▶ **TRY IT**:
The copy you return must begin at the line containing "Икона Владимирской Божией" and end at the final line of the listing below, with every picture left out.

Segment Start: AVAILABLE DATA

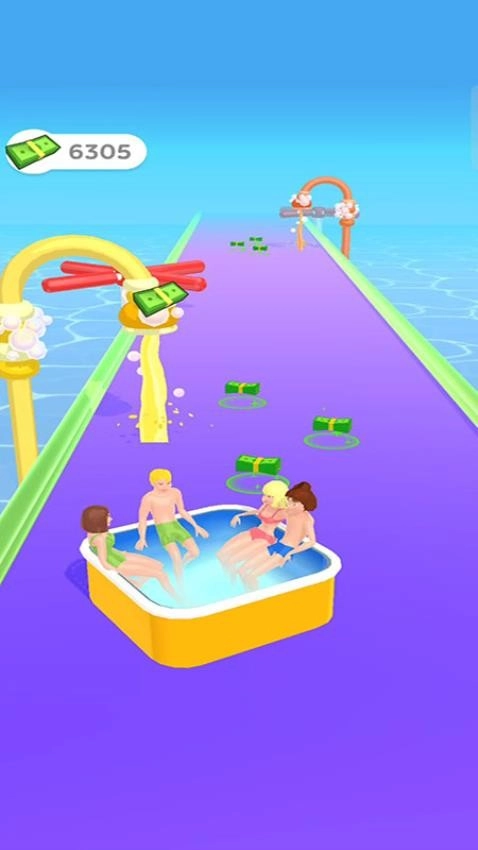 星光跑酷秀游戏截图1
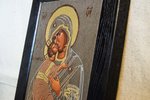 Икона Владимирской Божией Матери № 1-6 из камня, каталог икон, изображение, фото 4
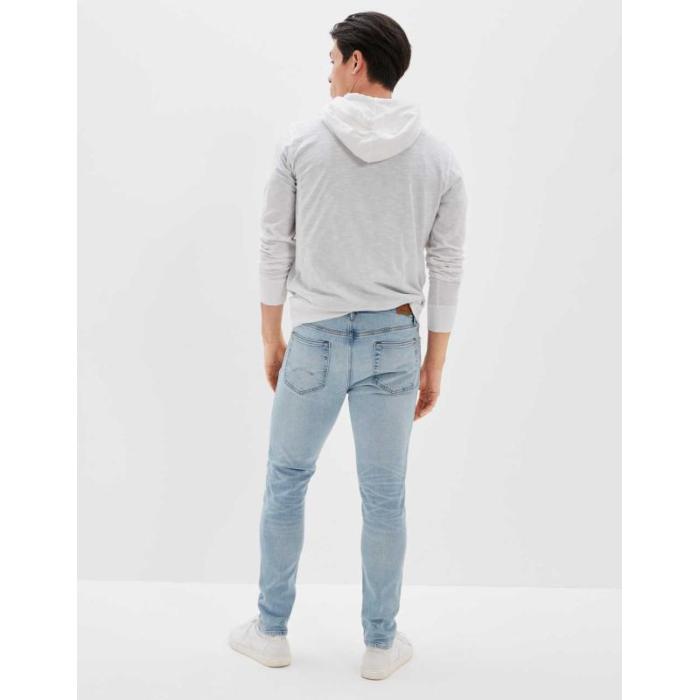 アメリカンイーグル American Eagle 【 Ae Airflex+ Athletic Skinny Jean Men 】 スキニー メンズファッション オーダーメイド ズボン パンツ メンズ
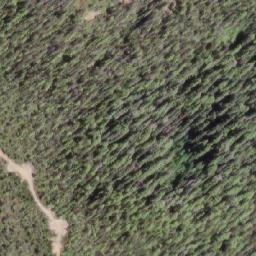 Satellite imagery of Hushamu Mountain, CA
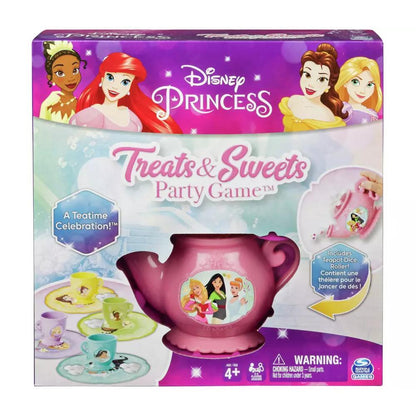 Disney Princess Games Tea Party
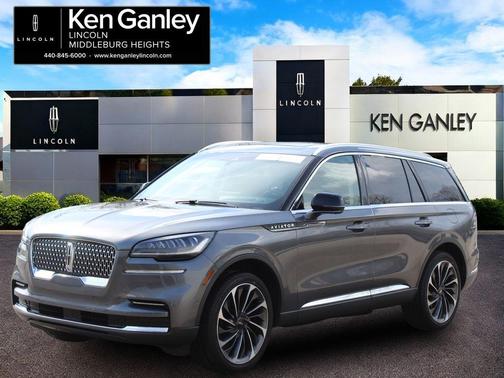 Asher Gray 2023 Lincoln Aviator Reserve AWD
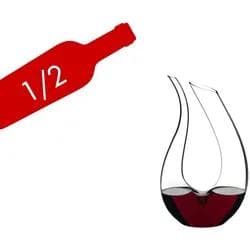 Riedel Amadeo Mini Dekanter Transparent Kristallglas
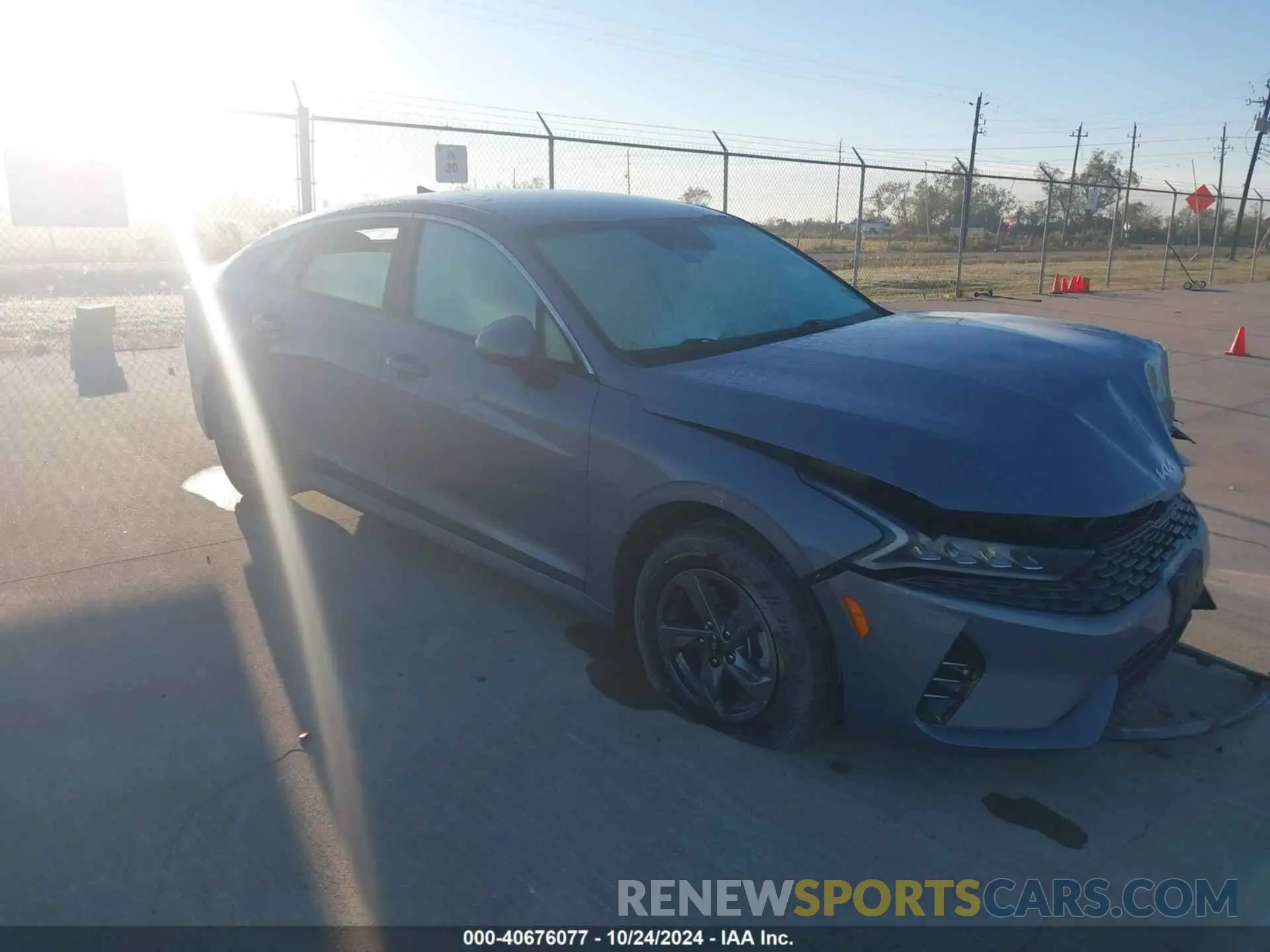 1 fotografías del automóvil dañado 5XXG14J27NG088974 KIA K5 2022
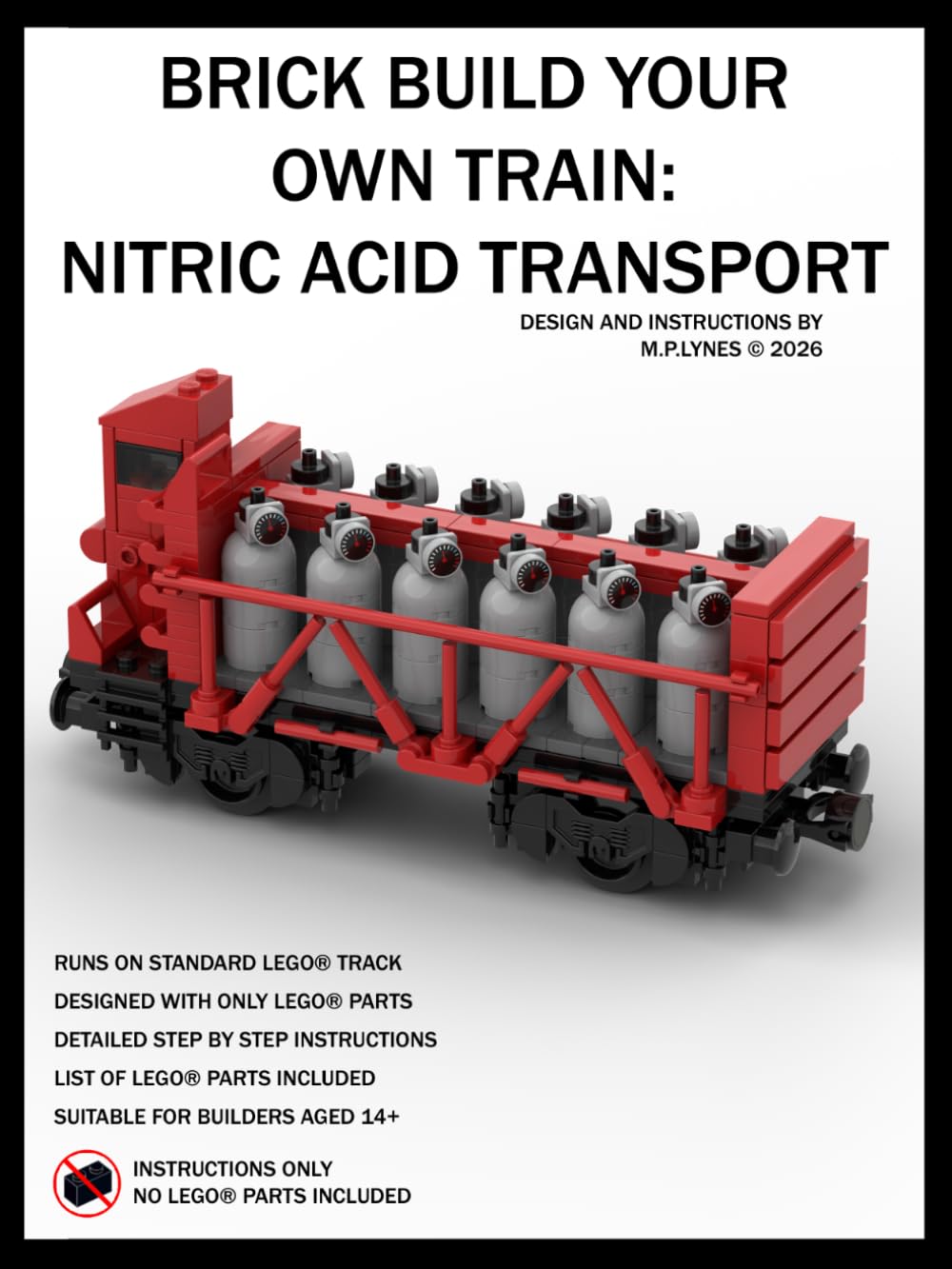 BRICK BUILD YOUR OWN TRAIN: NITRIC ACID TRANSPORT baixar o livro de graça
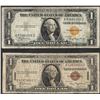 Image 1 : Lot of 1935A $1 Hawaii & $1 North Africa Silver Certificate WWII Emergency Notes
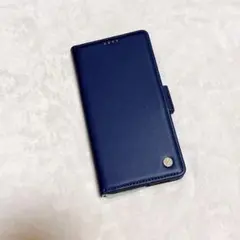 ⭐︎ Galaxy A54 5G 手帳型スマホケース　ブルー　カード収納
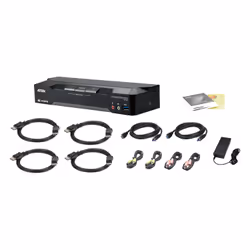 ATEN CM1942 switch per keyboard-video-mouse (kvm) Nero - Vista aggiuntiva 4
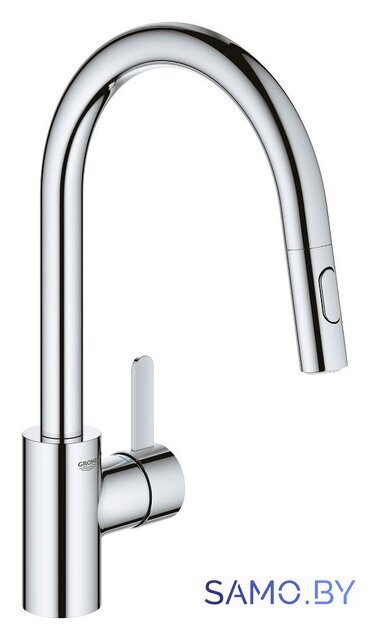 Смеситель Grohe Eurosmart Cosmopolitan 31481001 - Изображение №1 — Интернет-магазин samo.by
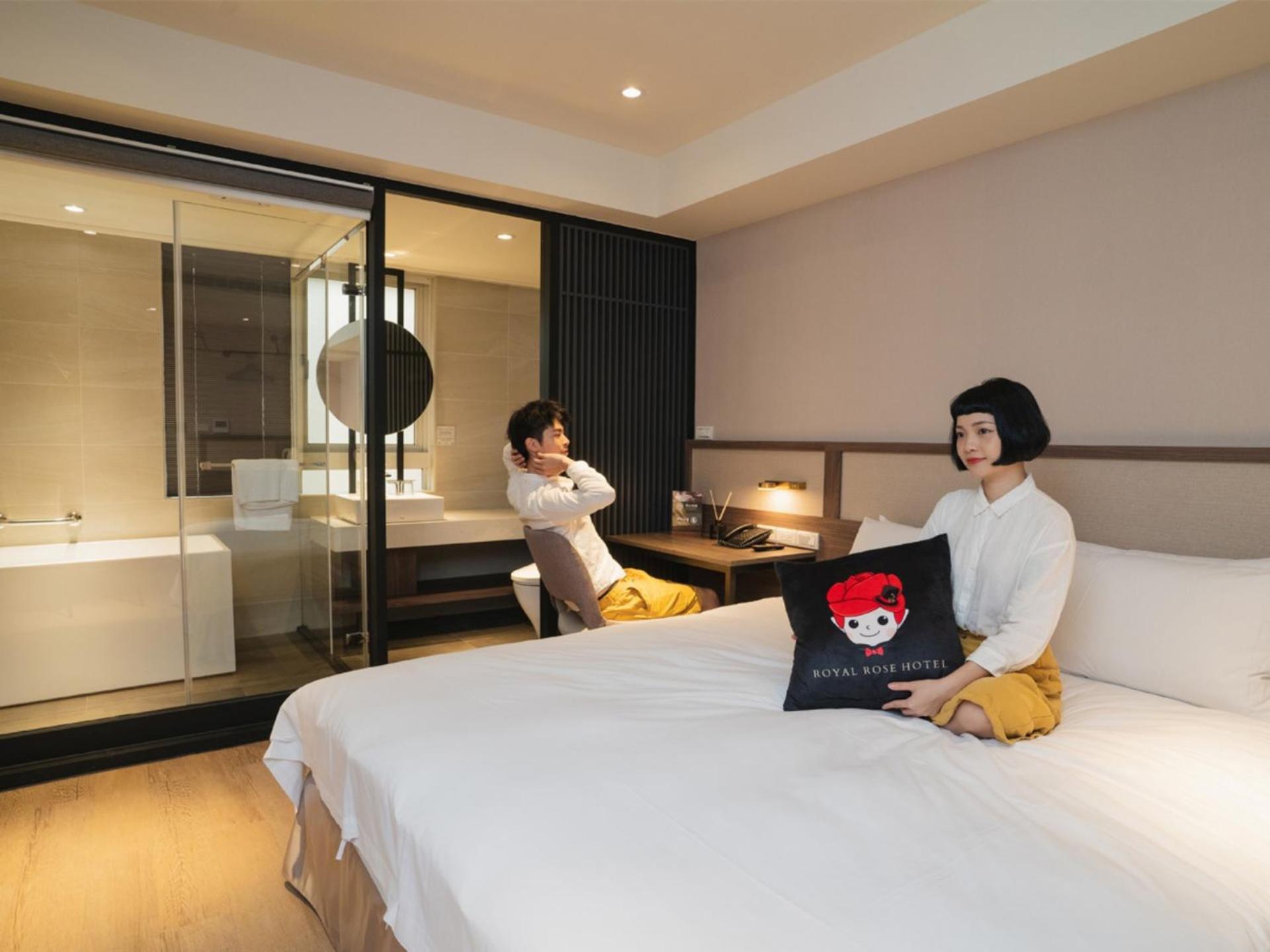 Royal Rose Hotel Zhongshan Tajpej Pokój zdjęcie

Segment End: AVAILABLE DATA

▶ **OUTPUT FOR THIS TASK**:
 Икона Владимирской Божией Матери № 1-6 из камня, каталог икон, изображение, фото 4
 アメリカンイーグル American Eagle 【 Ae Airflex+ Athletic Skinny Jean Men 】 スキニー メンズファッション オーダーメイド ズボン パンツ メンズ
 Satellite imagery of Hushamu Mountain, CA
 Disney Princess Games Tea Party
 Asher Gray 2023 Lincoln Aviator Reserve AWD
 Riedel Amadeo Mini Dekanter Transparent Kristallglas
 1 fotografías del automóvil dañado 5XXG14J27NG088974 KIA K5 2022
 BRICK BUILD YOUR OWN TRAIN: NITRIC ACID TRANSPORT baixar o livro de graça
 Image 1 : Lot of 1935A $1 Hawaii & $1 North Africa Silver Certificate WWII Emergency Notes
 ⭐︎ Galaxy A54 5G 手帳型スマホケース　ブルー　カード収納
 ATEN CM1942 switch per keyboard-video-mouse (kvm) Nero - Vista aggiuntiva 4
 Смеситель Grohe Eurosmart Cosmopolitan 31481001 - Изображение №1 — Интернет-магазин samo.by
 Royal Rose Hotel Zhongshan Tajpej Pokój zdjęcie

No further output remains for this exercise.